Ensemble, ils produisent l'escalade de l'engagement : plus vous êtes impliqué, plus vous persistez — précisément au moment où vous devriez réduire vos pertes.

Il convient de le dire clairement : la recherche sur l'escalade est plus mesurée que le folklore. Le coût irrécupérable est un des nombreux facteurs influents — pas la seule explication pour chaque projet voué à l'échec — et le traitement plus long lié ci-dessus expose ce que les preuves soutiennent réellement.

C'est encore pire avec d'autres personnes qui regardent.

Le coût irrécupérable est mauvais seul. En groupe, c'est mortel — car maintenant, abandonner signifie admettre un échec en public.

L'exécutif qui a soutenu le projet voué à l'échec ne peut pas l'abandonner sans perdre la face. L'équipe continue d'avancer car faire marche arrière incrimine tous ceux qui l'ont soutenu. Plus un groupe s'est engagé publiquement longtemps, plus il est difficile d'escalader pour éviter l'humiliation d'arrêter — c'est ainsi que les organisations investissent des années et des fortunes dans des choses que tout le monde sait en privé être mortes.

Plus le public est nombreux, plus le piège est fort. C'est aussi pourquoi un enregistrement de décision écrit aide plus qu'il n'y paraît : lorsque le raisonnement original est sur la page, y revenir est un examen d'un argument plutôt qu'un réquisitoire contre une personne.

La seule question qui le brise.

Il y a un mouvement mental clair qui va droit au but :

"Sachant tout ce que je sais maintenant, si je devais recommencer aujourd'hui — commencerais-je cela ?"

Si la réponse est non, alors la seule chose qui vous retient est le coût irrécupérable. L'argent est perdu que vous arrêtiez ou non. Le seul vrai choix qui reste est de savoir si vous allez continuer à dépenser plus.

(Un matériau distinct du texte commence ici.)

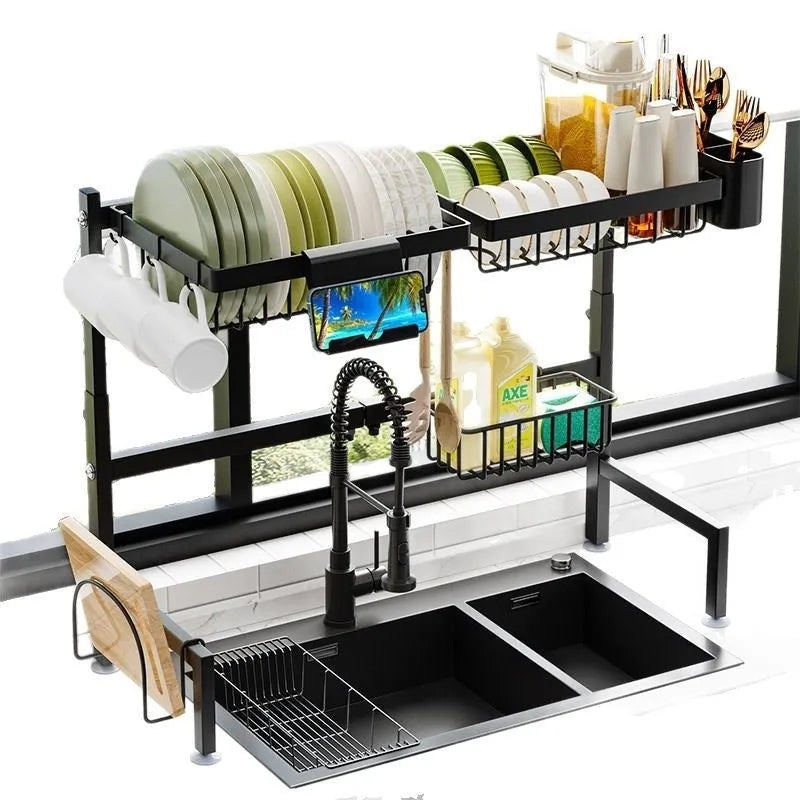 Black metal retractable sink draining rack extended on kitchen countertop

Ce n'est pas facile — le sentiment ne disparaît pas simplement parce que vous l'avez nommé. Mais poser la question à voix haute, surtout en équipe, donne à chacun la permission de faire la chose courageuse et rentable : s'arrêter et placer le prochain dollar là où il peut réellement gagner.

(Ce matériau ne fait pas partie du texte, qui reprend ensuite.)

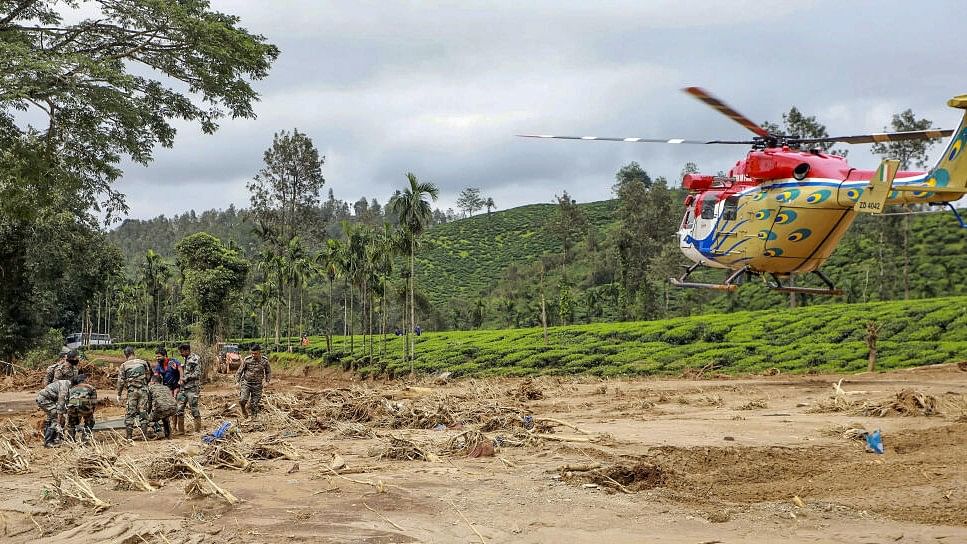 <div class="paragraphs"><p>A Navy helicopter during a rescue operation in the landslide-hit area, in Wayanad.</p></div>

Quel est le repas que vous mangez encore juste parce que vous l'avez payé — un projet, un engagement, un chemin que vous ne choisiriez plus jamais depuis le début ?

Répondez et nommez-le. Le dire à voix haute est généralement le premier pas honnête vers le fait de poser la fourchette.

Jugez l'argument, pas l'investissement.

Argumentree garde la position pour et contre un engagement visible dans le temps — donc revisiter une décision signifie relire le raisonnement, et non défendre la dépense.